Kubernetes Service Discovery

Storing rich metadata as Custom Resources on the Kubernetes API to enable Service Discovery.

This post it outdated, and left here for SEO reasons only! It's been superseded by managing-services-metadata, so read that instead! :)

One of the simplest things we've done at AutoTrader that's had huge impact is ensuring that our services are easily discoverable, with rich metadata.

When you have a large organisation, if services aren't discoverable - you'll end up with disparate teams building services that look very similar. True store: Once upon a time, we had 5 different services whose function was to lookup postcodes!

Also during incidents, historically we lost a lot of time finding out the basics like who owns the service, when it was last deployed, what version is currently deployed, who committed in that deployment and so on.

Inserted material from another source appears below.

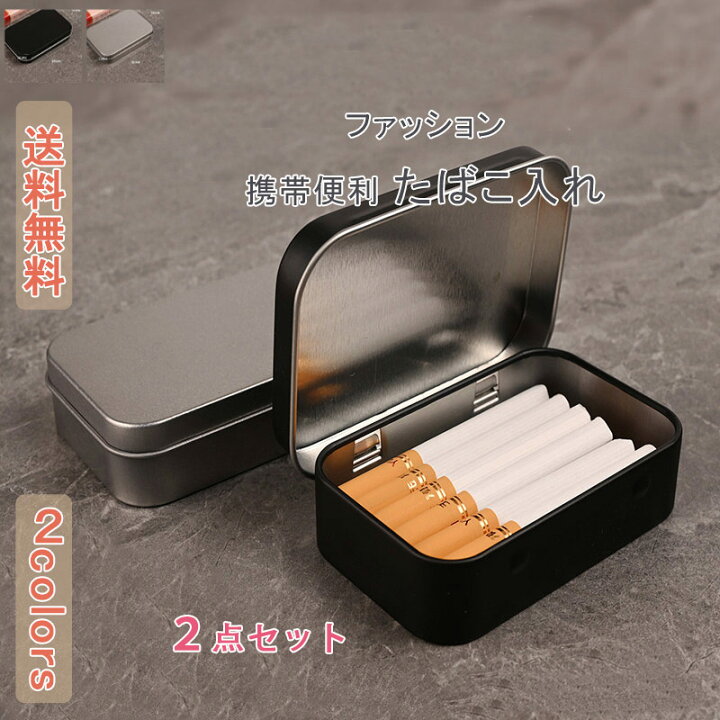 楽天市場】【2点購入と10％OFFクーポン】ボックス シガレットケース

All of this is just metadata associated to a deployed service, some of which is provided by the teams, others you infer at deployment time. We wanted to surface it as quickly as possible.

Options We Considered

There are lots of different approaches for tackling this problem. One of the more common is to use annotations on the kubernetes resources which are arbitrary key/value(string) pairs. We decided against this because:

  • A single service will have many (sometimes different) resources associated to it. Annotating them all seems wasteful, but only annotation specific resources makes discoverability harder.
  • We want to store a relatively large amount of a metadata
  • We want to be able to watch for changes specifically to metadata
  • We wanted to be able to constrain the input with JSON Schema and store types other than strings

Another approach is to have a separate service and datastore responsible for tracking this information, we decided against this because:

  • We wanted to be able to inspect the service metadata on the kubernetes cluster, using kubectl
  • We didn't want to build and manage another system
  • We wanted the resources to be tied to the application deployment as a first class citizen

As a result we decided to use Kubernetes Custom Resources.

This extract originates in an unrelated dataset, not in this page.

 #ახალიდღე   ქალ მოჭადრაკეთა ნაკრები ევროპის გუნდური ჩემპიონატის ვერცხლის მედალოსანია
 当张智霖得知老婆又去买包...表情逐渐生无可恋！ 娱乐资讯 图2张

Creating a Custom Resource Definition

Custom resources allow you to extend the kubernetes API with new types. Think about your Deployment, Pod, StatefulSet etc. They're all just data types, and you can add your own. So in our case we wanted to add a service.atcloud.io, that's trivially done with a manifest like this:

apiVersion: apiextensions.k8s.io/v1
kind: CustomResourceDefinition
  name: services.atcloud.io
    strategy: None
  group: atcloud.io
    kind: Service
    listKind: ServiceList
    plural: services
    singular: service
  scope: Namespaced
    - name: v1
      served: true
      storage: true
          type: object
              x-kubernetes-preserve-unknown-fields: true
              type: object
                  description: The display name for the application
                  type: string
                  description: A brief description of the application
                  type: string

Obviously this is a pretty trivial example, we capture all sorts of information like the owner, the squad etc. Apply this to your cluster, and just like magic you'll be able to access that type via kubectl:

❯ kubectl get services.atcloud.io
No resources found in default namespace.

Creating a Custom Resource

Now you've defined the schema, you can start creating resources to track your metadata.

apiVersion: atcloud.io/v1
kind: Service
  name: skippr
  namespace: skippr
  description: Skippr receives alerts from prometheus-alertmanager, enriches them, and forwards them on to slack and pagerduty 
  name: skippr

Lets get that resource:

❯ kubectl -n skippr get service.atcloud.io
NAME     OWNER                             SQUAD            
skippr   Karl Stoney                       infrastructure   

Great! Something you might have noticed here is that we've got OWNER and SQUAD being printed out by kubectl. These are defined in your CustomResourceDefinition by adding additional printer columns, like this:

    - name: v1
        - description: Application Owner
          jsonPath: .spec.owner
          name: Owner
          type: string
        - description: Squad responsible for application
          jsonPath: .spec.squad
          name: Squad
          type: string

One thing to note, we don't expect our teams to write kubernetes manifests. We have a separate abstraction based on Helm over the top of this. We only expect product teams to provide a simple serviceDiscovery block, which we map to the above CRD:

  name: skippr
  description: Skippr receives alerts from prometheus-alertmanager, enriches them, and forwards them on to slack and pagerduty 
  owner: Karl Stoney

Deploy time Dynamic Data

As I showed above, we expect product teams to provide a simple serviceDiscovery block in their values file, which we map to a CRD. But then at deployment time, our CI and CD tooling injects a whole load of deploy time dynamic data. We have a custom CLI which wraps helm, and injects these values. Here's an example of the complete CRD once it's gone through CI:

apiVersion: atcloud.io/v1
kind: Service
  name: skippr
  namespace: skippr
  baseImage: platform-base-nodejs14
  - redis
  description: Skippr receives alerts from prometheus-alertmanager, enriches them, and forwards them on to slack and pagerduty
    lastCommitter: [email protected]
    revision: b1d6f48104d891a06f5bb51efdd2d25a553584eb
    url: https://github.atcloud.io/AutoTrader/skippr
    counter: 1385
    name: shippr-cli.skippr
    stage: non-prod
    triggeredBy: changes
  - app.skippr.testing.k8.atcloud.io
  modifiedOn: "2021-04-26T15:35:47.455Z"
  name: skippr
  owner: Karl Stoney
  serviceTier: 1
  squad: infrastructure
  type: nodejs
    phats: 0.1.1133

Surfacing the Data

At AutoTrader, not everyone has access to the Kubernetes cluster. In fact many of our developers are blissfully unaware we're using Kubernetes at all. As a result, we knocked together a relatively simple Platform Dashboard which queries the Kubernetes api for the service.atcloud.io objects directly:

All this is effectively doing is the equivalent of kubectl get services.atcloud.io --all-namespaces and then displaying it in a table. You can then quickly free text search across all services to see if something you want, already exists.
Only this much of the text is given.